ABOUT THIS TASK =>
Below, locate the line that contains "Girls Green Leaf". Repeat exactly from that line to the line that contains "213-215 Cape Coral", inclusive, leaving out the pictures.

[RECORDS FOR PROCESSING — start]

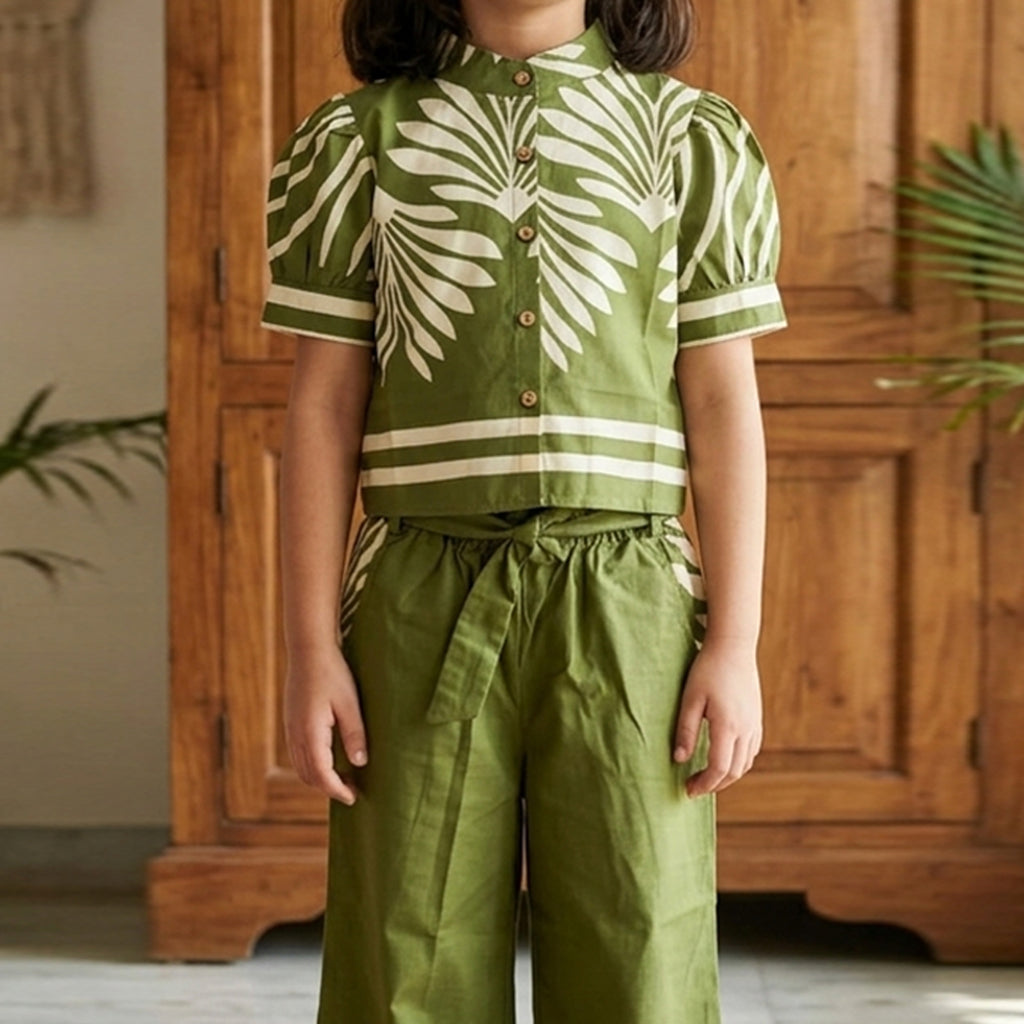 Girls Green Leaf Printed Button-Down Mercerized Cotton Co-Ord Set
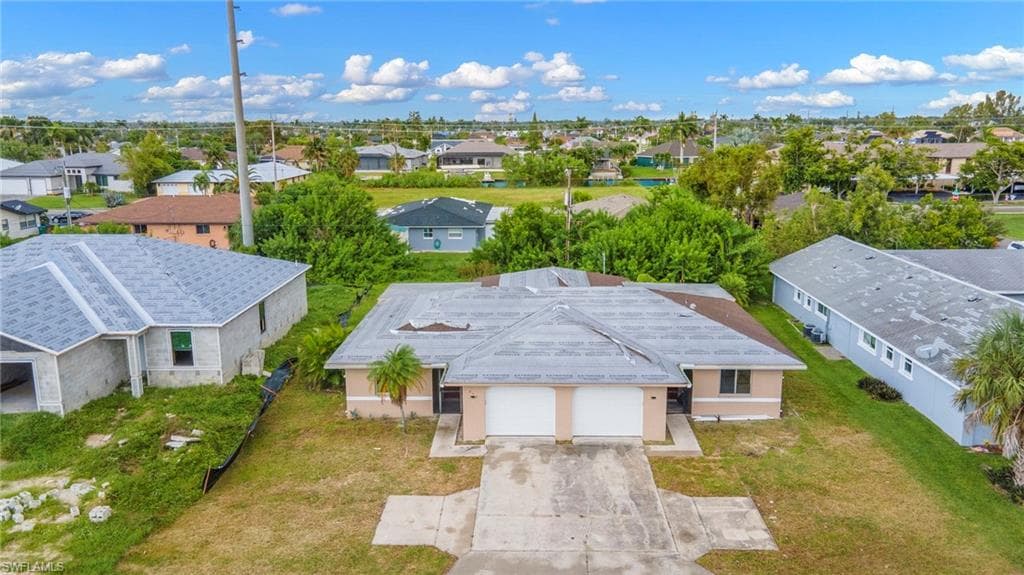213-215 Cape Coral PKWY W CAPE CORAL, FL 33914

[RECORDS FOR PROCESSING — finish]
[RECORDS FOR PROCESSING — start]

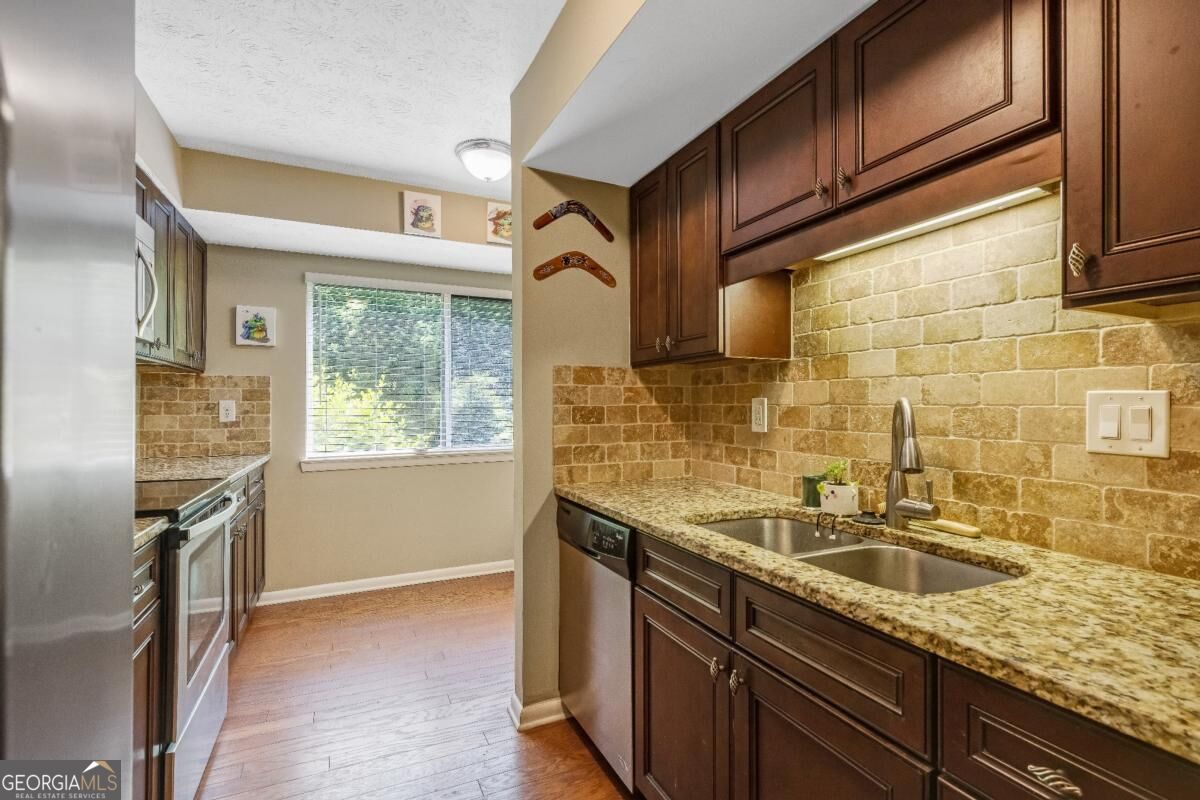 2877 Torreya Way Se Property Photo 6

[RECORDS FOR PROCESSING — finish]

RESPONSE FOR THIS EXERCISE =>
 Girls Green Leaf Printed Button-Down Mercerized Cotton Co-Ord Set
213-215 Cape Coral PKWY W CAPE CORAL, FL 33914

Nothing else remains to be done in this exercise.